ENTRIES SHOWN:
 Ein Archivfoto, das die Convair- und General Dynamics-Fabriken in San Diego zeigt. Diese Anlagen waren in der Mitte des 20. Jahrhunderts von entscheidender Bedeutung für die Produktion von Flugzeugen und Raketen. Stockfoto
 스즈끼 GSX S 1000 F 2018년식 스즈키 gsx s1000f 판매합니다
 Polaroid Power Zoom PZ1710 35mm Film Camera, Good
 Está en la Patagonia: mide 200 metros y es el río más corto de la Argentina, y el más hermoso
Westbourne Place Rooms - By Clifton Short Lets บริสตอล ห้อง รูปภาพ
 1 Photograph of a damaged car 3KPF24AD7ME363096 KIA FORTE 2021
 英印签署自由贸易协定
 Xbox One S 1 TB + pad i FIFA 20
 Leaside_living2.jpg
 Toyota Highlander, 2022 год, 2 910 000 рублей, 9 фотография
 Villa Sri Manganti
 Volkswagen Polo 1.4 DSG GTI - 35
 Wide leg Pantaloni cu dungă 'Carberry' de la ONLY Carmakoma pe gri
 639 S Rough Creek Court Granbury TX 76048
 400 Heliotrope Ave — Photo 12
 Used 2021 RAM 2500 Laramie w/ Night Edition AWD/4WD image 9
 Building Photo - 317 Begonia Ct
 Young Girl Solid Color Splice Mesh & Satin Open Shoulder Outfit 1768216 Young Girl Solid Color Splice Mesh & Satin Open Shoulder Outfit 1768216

PROBLEM DESCRIPTION:
Without omitting anything, set down all the entries above again.

ANSWER TO THIS EXERCISE:
 Ein Archivfoto, das die Convair- und General Dynamics-Fabriken in San Diego zeigt. Diese Anlagen waren in der Mitte des 20. Jahrhunderts von entscheidender Bedeutung für die Produktion von Flugzeugen und Raketen. Stockfoto
 스즈끼 GSX S 1000 F 2018년식 스즈키 gsx s1000f 판매합니다
 Polaroid Power Zoom PZ1710 35mm Film Camera, Good
 Está en la Patagonia: mide 200 metros y es el río más corto de la Argentina, y el más hermoso
Westbourne Place Rooms - By Clifton Short Lets บริสตอล ห้อง รูปภาพ
 1 Photograph of a damaged car 3KPF24AD7ME363096 KIA FORTE 2021
 英印签署自由贸易协定
 Xbox One S 1 TB + pad i FIFA 20
 Leaside_living2.jpg
 Toyota Highlander, 2022 год, 2 910 000 рублей, 9 фотография
 Villa Sri Manganti
 Volkswagen Polo 1.4 DSG GTI - 35
 Wide leg Pantaloni cu dungă 'Carberry' de la ONLY Carmakoma pe gri
 639 S Rough Creek Court Granbury TX 76048
 400 Heliotrope Ave — Photo 12
 Used 2021 RAM 2500 Laramie w/ Night Edition AWD/4WD image 9
 Building Photo - 317 Begonia Ct
 Young Girl Solid Color Splice Mesh & Satin Open Shoulder Outfit 1768216 Young Girl Solid Color Splice Mesh & Satin Open Shoulder Outfit 1768216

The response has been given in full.